Crawled caption data
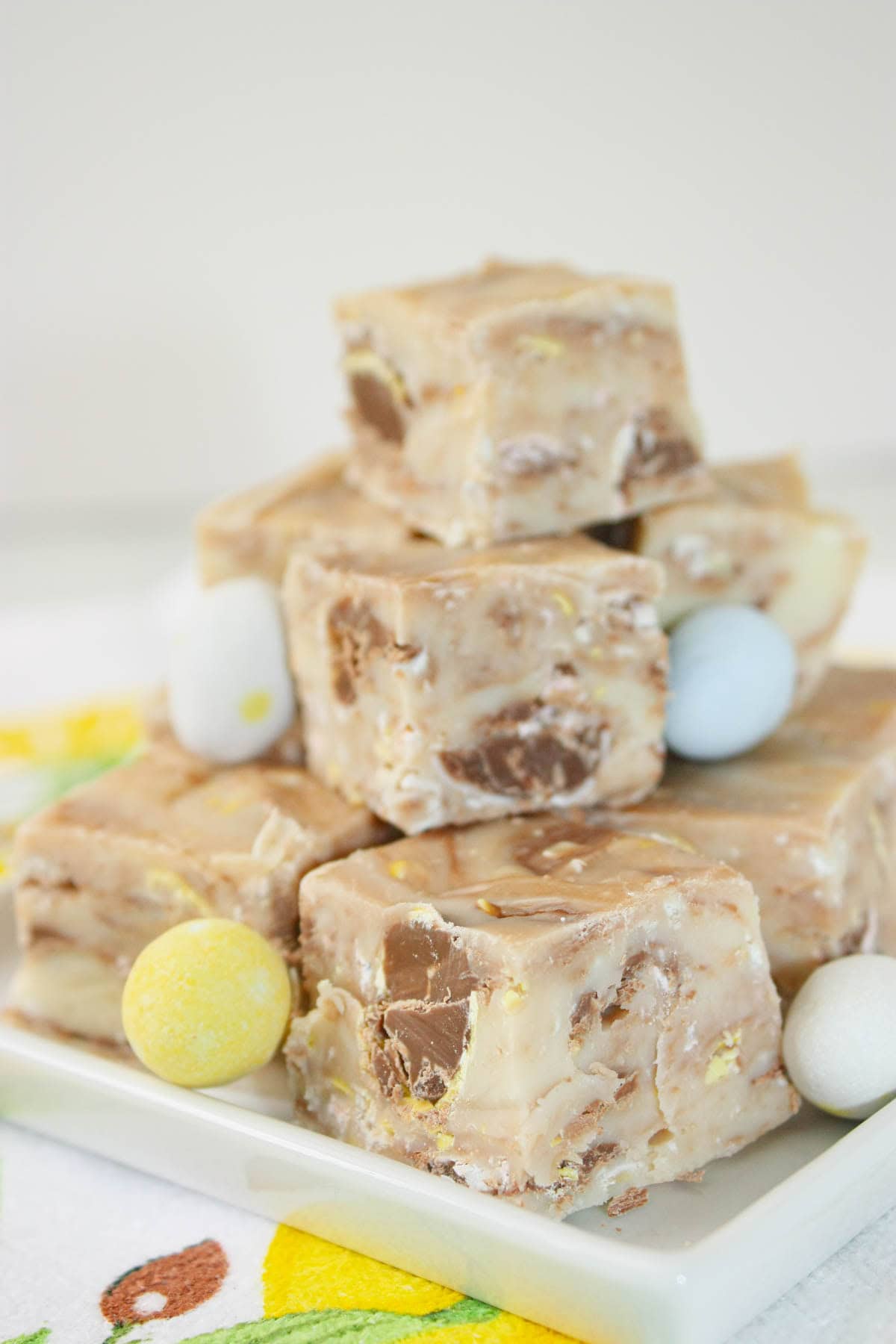 This Microwave Mini Egg Fudge is a creamy, melt-in-your-mouth treat that comes together in minutes. It has that classic fudge richness without any complicated steps.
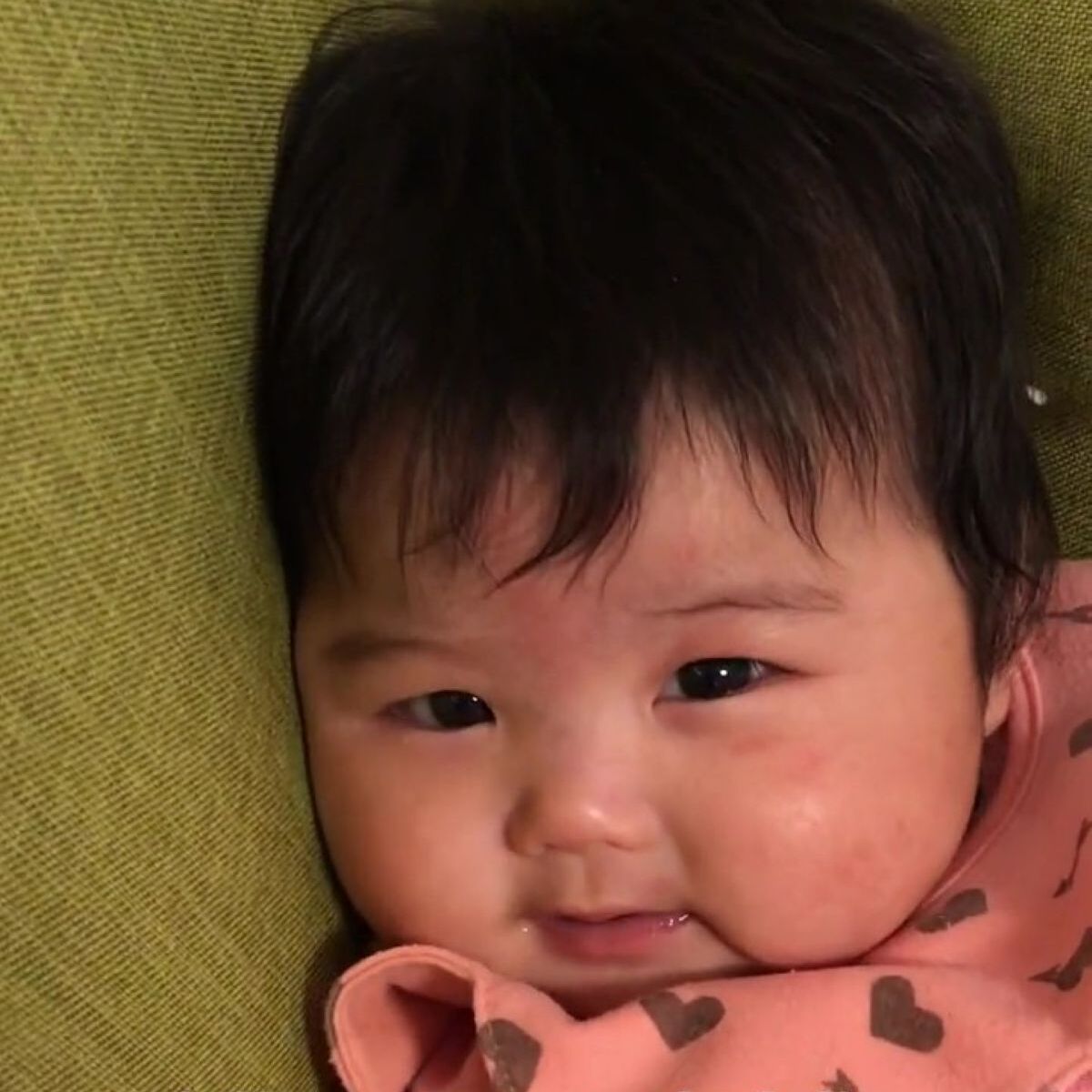 2カ月赤ちゃん→2年半後……ママ「顔変わりすぎて」まさかの姿に「ビックリして声出た」「モデル並みやな」 | ライフスタイル ねとらぼ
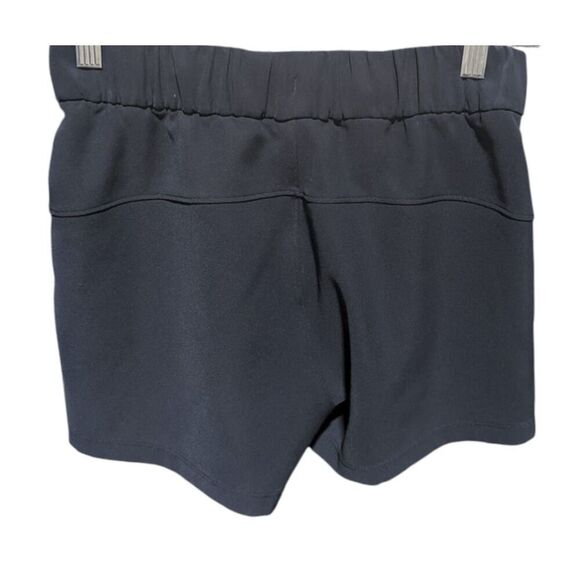 NWOT LULULEMON ATHLETICA On The Fly Short 'Woven' '2.5" In Midnight Navy Size 2 - Picture 4 of 4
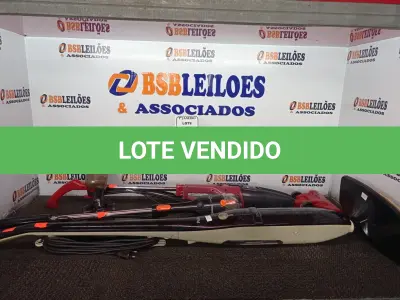 LOTE 353 - 03 ASPIRADORES PORTÁTEIS MARCAS E MODELOS DIVERSOS. (NO ESTADO) ATENÇÃO! FAZER A VISITAÇÃO ANTES DE ARREMATAR, NÃO SABEMOS SE FUNCIONA. LEILÃO NÃO TEM GARANTIA E NEM DEVOLUÇÃO, SUJEITO A POSSÍVEIS AVARIAS VISÍVEIS/OCULTAS E/OU AUSÊNCIA DE COMPONENTES.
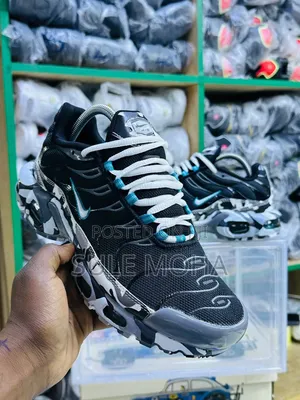Sports Shoes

:: TASK STATEMENT ::
Give every line above again exactly, with no pictures.

:: WRITTEN SOLUTION ::
 This Microwave Mini Egg Fudge is a creamy, melt-in-your-mouth treat that comes together in minutes. It has that classic fudge richness without any complicated steps.
 2カ月赤ちゃん→2年半後……ママ「顔変わりすぎて」まさかの姿に「ビックリして声出た」「モデル並みやな」 | ライフスタイル ねとらぼ
 NWOT LULULEMON ATHLETICA On The Fly Short 'Woven' '2.5" In Midnight Navy Size 2 - Picture 4 of 4
 LOTE 353 - 03 ASPIRADORES PORTÁTEIS MARCAS E MODELOS DIVERSOS. (NO ESTADO) ATENÇÃO! FAZER A VISITAÇÃO ANTES DE ARREMATAR, NÃO SABEMOS SE FUNCIONA. LEILÃO NÃO TEM GARANTIA E NEM DEVOLUÇÃO, SUJEITO A POSSÍVEIS AVARIAS VISÍVEIS/OCULTAS E/OU AUSÊNCIA DE COMPONENTES.
Sports Shoes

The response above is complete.